Freddie Gray being tossed into a van like he was a bag of trash. Walter Scott being shot in the back running for his life. Ramarley Graham, knowing that his grandmother and little brother watched him shot and cut down like, I don't even want to say like a dog, because we don't even do dogs like that, in his own bathroom. Then of course Eric Garner crying out, over and over again, "I can't breathe." I'm profoundly interested, and it's a central piece of my work, as I am about to take my fiftieth turn around the sun, unbelievably. What do we advocates and survivors begin to fold into our daily practice, to begin to heal? What do you do?

Davis: I think this is such an important question, so foundational to the work we do, because of course, all of us are traumatized. All of us have been deeply affected. In the very first place, people who have had direct experience with these institutions, but all of us. I recently attended the memorial service of Mondo we Langa, who spent forty-five years in prison for something he did not do. I shared some of his poetry with people who were there because it seemed to me that the poetry was a way of, was one of his ways of discovering how to feel in the context of an institution that continually brutalized and traumatized him. I think we have to find our own ways.

What I do? I've discovered over the years that it's impossible to continue to do this work without figuring out ways to engage in self-care. I have, I've been practicing yoga for a long time, I try to meditate every day, I try to incorporate music into my life. Rather than assume that we have to devote all of our available energy to organizing without thinking about the long-range impact of that, we have to develop holistic ways of organizing, we have to be conscious of our eating practices and the connection between our eating practices and the brutalization of animals on this plant.

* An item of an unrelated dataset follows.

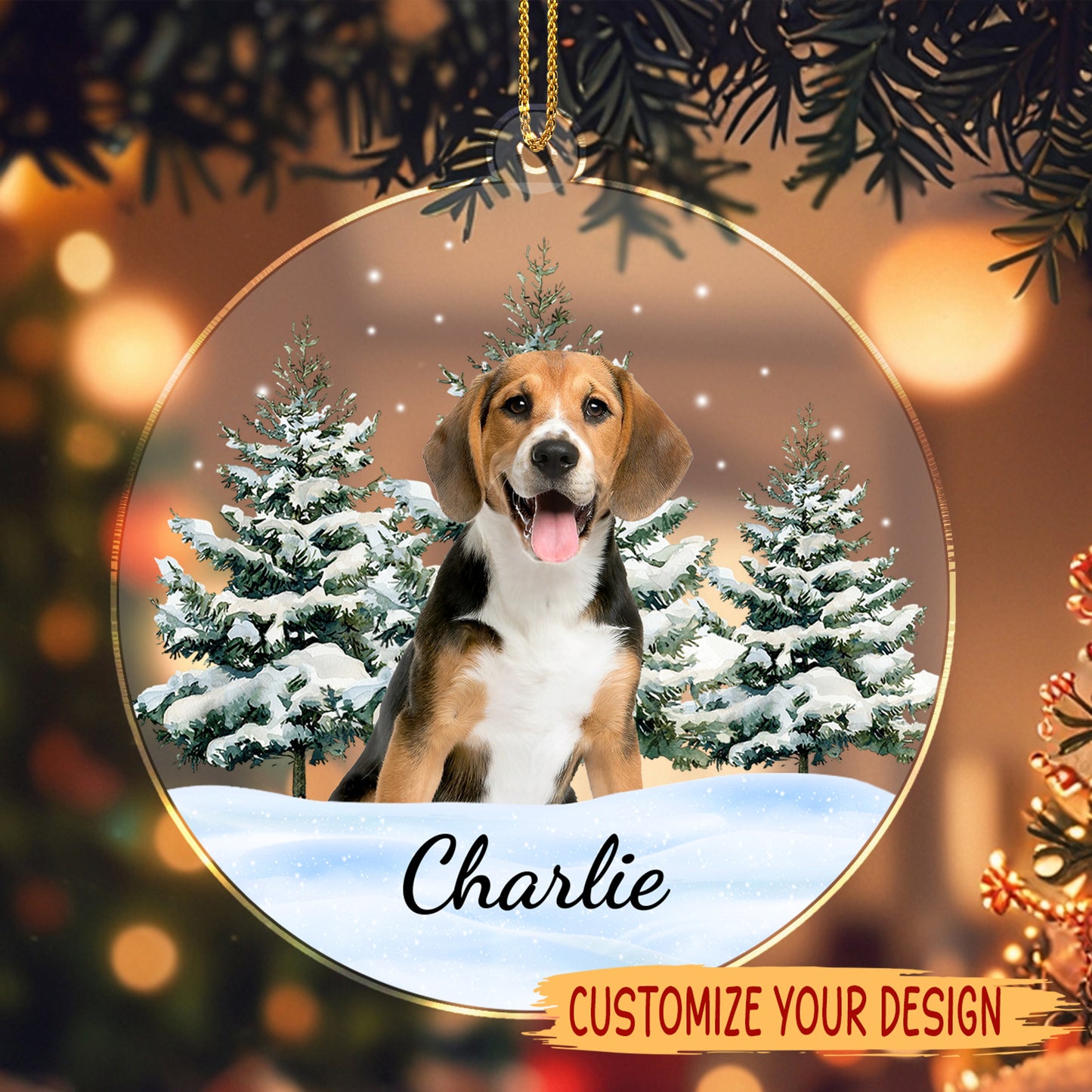 Décoration de Noël personnalisée en acrylique représentant un chiot joyeux au pays des merveilles hivernales – DOG006_ACO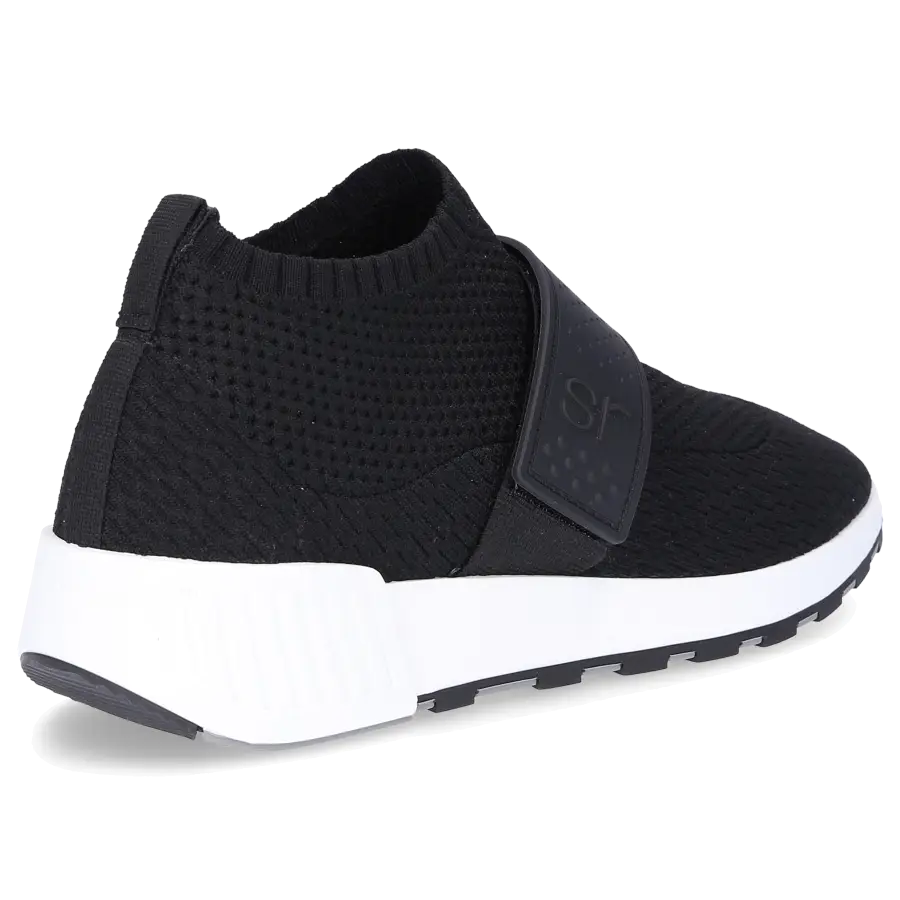 Sergio Rossi - Slip Ons SR1 Nylon Stretch Logo schwarz - schwarz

As I grow older, I think I become more and more aware of the importance of holistic approaches to our struggles, because in a sense we have to try to represent what we think we are struggling for. If we end up achieving a particular goal, and all of our people are damaged and have not gone through processes of trying to heal, then we'll end up replicating precisely that against which we have been struggling. I think healing, restorative justice, transformative justice, these are deeply important strategies to incorporate as we move along the path of struggle.

bandele: Well, Angela, on that note, I'm going to take a very deep breath, a very deep breath. Because again we can go a little while without water, we can't go too long without a breath. And that was a profound, profound offering. Thank you for it.